UTA uses an abstraction of transcripts and sequences that is necessary to
represent some transcript sources.  It is described here.

A transcript has two closely related meanings that are important to
distinguish for the purposes of UTA.  The first is as a set of exons
(i.e., start,end coordinates) on *some* sequence, such as a reference
genome.  The second is as a set of exons on a *specific* sequence, such as
a RefSeq.  The distinction is important because UTA needs to generalize
the same set of exons on multiple sequences.  This concept is called an
exon_set.  A transcript is an instance of a specific exon_set on a
specific sequence.  Confusingly, but by necessity, certain exon_sets have
the same name as the sequence, such as for a RefSeq on its associated
sequence.

To make this clear, (give example of gene, RefSeq, exon_set projection onto a sequence).




* Multiple DB backends
I'd really like to be able to use SQLAlchemy to support multiple database
backends.  There's currently an annoying problem with inconsistent schema
support across backends to deal with.
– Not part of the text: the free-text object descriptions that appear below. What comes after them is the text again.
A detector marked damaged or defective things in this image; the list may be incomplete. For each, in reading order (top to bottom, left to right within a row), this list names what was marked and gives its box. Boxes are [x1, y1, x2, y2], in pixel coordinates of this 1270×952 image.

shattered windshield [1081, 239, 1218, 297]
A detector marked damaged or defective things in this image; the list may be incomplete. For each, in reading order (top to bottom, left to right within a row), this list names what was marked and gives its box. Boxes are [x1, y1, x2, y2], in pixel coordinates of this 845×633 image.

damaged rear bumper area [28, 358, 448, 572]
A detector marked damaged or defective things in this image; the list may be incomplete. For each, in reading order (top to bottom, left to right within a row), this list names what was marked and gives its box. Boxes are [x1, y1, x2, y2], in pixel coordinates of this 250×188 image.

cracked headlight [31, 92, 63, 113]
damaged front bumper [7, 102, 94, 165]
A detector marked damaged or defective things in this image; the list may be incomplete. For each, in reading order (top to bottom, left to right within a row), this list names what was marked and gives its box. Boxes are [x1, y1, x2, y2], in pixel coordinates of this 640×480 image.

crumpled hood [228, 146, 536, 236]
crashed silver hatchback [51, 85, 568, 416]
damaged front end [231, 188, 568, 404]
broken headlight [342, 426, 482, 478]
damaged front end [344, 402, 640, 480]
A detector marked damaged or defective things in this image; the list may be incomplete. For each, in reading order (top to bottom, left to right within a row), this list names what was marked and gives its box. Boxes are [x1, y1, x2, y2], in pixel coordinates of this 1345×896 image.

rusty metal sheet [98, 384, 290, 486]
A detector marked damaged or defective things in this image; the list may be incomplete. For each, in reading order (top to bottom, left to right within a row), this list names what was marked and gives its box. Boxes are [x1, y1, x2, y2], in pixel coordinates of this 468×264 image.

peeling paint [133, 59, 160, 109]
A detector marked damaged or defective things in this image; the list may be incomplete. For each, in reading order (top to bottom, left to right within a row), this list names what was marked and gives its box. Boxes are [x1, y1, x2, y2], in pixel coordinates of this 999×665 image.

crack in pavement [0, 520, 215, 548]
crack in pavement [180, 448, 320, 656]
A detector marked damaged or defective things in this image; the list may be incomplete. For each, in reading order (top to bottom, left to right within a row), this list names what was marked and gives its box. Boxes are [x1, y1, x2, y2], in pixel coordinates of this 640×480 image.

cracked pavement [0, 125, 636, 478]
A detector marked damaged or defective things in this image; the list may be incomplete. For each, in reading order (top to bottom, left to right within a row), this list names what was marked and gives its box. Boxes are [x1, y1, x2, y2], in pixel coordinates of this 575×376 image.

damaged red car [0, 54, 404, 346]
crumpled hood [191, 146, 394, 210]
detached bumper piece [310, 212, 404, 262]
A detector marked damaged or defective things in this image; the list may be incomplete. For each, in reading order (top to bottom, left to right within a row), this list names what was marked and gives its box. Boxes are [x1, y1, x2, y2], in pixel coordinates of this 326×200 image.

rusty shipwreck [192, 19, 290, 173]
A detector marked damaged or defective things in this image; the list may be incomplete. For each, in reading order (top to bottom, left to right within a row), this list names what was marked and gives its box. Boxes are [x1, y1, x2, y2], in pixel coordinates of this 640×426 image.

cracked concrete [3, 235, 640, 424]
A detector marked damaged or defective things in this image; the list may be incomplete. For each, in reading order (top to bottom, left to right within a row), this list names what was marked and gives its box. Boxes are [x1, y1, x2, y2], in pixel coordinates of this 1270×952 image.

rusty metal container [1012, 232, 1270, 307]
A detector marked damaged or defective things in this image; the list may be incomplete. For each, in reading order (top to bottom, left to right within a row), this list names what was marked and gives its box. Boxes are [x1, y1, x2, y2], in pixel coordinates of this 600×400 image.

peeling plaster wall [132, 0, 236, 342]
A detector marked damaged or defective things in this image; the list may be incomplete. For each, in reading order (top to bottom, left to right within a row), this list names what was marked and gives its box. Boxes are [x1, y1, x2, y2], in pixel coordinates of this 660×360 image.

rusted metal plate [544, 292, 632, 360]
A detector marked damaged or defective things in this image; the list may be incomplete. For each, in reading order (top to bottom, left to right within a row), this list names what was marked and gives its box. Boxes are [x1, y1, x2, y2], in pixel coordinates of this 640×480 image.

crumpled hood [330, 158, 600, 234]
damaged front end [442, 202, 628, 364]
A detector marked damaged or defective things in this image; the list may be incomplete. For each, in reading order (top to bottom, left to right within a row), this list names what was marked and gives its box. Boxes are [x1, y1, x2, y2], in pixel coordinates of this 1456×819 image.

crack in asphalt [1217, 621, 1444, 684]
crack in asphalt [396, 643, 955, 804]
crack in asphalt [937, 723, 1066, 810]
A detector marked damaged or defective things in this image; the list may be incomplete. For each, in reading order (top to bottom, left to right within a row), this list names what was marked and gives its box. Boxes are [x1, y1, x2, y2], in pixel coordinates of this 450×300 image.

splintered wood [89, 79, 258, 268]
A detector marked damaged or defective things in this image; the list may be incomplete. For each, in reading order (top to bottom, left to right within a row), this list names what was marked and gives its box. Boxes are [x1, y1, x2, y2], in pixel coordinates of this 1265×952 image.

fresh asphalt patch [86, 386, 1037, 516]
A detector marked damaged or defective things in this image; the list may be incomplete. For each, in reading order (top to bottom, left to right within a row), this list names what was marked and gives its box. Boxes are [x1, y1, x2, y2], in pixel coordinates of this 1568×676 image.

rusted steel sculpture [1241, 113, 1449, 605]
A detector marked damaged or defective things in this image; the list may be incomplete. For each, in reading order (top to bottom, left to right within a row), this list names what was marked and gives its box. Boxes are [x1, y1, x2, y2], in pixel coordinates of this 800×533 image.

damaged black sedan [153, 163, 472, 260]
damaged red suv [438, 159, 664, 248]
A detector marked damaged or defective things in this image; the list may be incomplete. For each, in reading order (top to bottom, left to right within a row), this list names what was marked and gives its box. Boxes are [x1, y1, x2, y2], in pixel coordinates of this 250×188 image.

An alternative is to implement DB
interfaces directly.

* Why use aliases?
Unfortunately, we have identified cases where RefSeq exon structures
changed without updating the accession version.  The only way to catch
these is to use an id that is guaranteed to not change.

* Why not get records from seqgene?
Seqgene does not contain all the data we need. We have to look up some
(like exon names) in eutils anyway, and other data we'd have to
infer/compute with new code (like TSS, and genome alignment) and I'm
unsure that we can do this without changing current behavior in corner
cases.  And our eutils interface is already built.

* Why interbase coordinates?
Interbase coordinates are really the only way to think about sequence
coordinates that handles all types of edits without corner cases.  For
example, consider an insertion between nt 2 and 3 (in human
coordinates). In HGVS, this is written like AC:c.2_3insT.  Fine, but what
if the inserted sequence is before base 1?  We could write 0_1 I suppose,
but that leads to the corner case that a user might reasonably ask for the
nt at imaginary position 0.  Interbase eliminates a lot of annoying corner
cases like this which are not intellectually challenging, but create
spaghetti in code that is difficult to debug.